Study material Start Marker
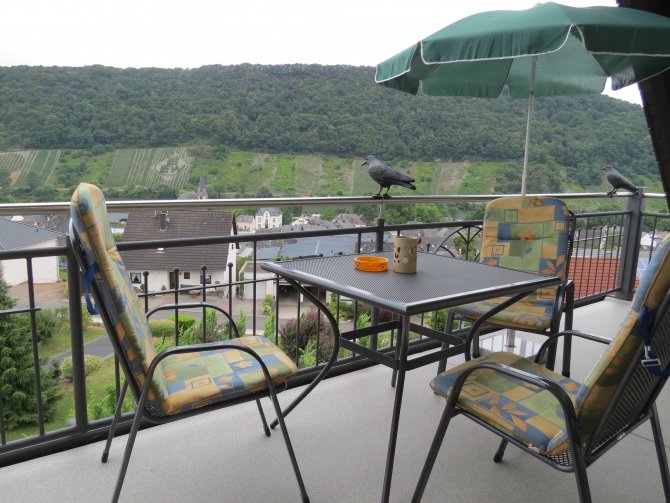 grosser Balkon  Süd/West mit
Blick zur Mosel und den Ort  FEWO Traumblick
Nr 12
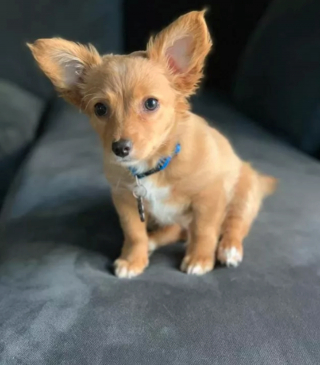 Illustration de l'article : 14 photos révélant le charme irrésistible des chiens aux grandes oreilles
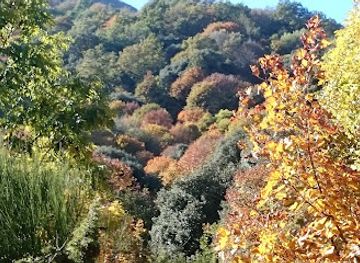 spain/montseny-natural-park/attraction/coll-de-sant-marcal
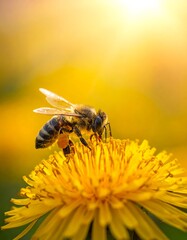 Close-up of honeybee gathering nectar from bright yellow flower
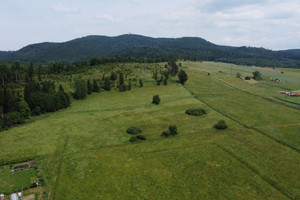Działka budowlana 16000 m2 Witków Gmina Czarny Bór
Study material End Marker
__Exercise__. Copy all the lines of data exactly as they appear, dropping any images.

__Expected answer__.
 grosser Balkon  Süd/West mit
Blick zur Mosel und den Ort  FEWO Traumblick
Nr 12
 Illustration de l'article : 14 photos révélant le charme irrésistible des chiens aux grandes oreilles
 spain/montseny-natural-park/attraction/coll-de-sant-marcal
 Close-up of honeybee gathering nectar from bright yellow flower
Działka budowlana 16000 m2 Witków Gmina Czarny Bór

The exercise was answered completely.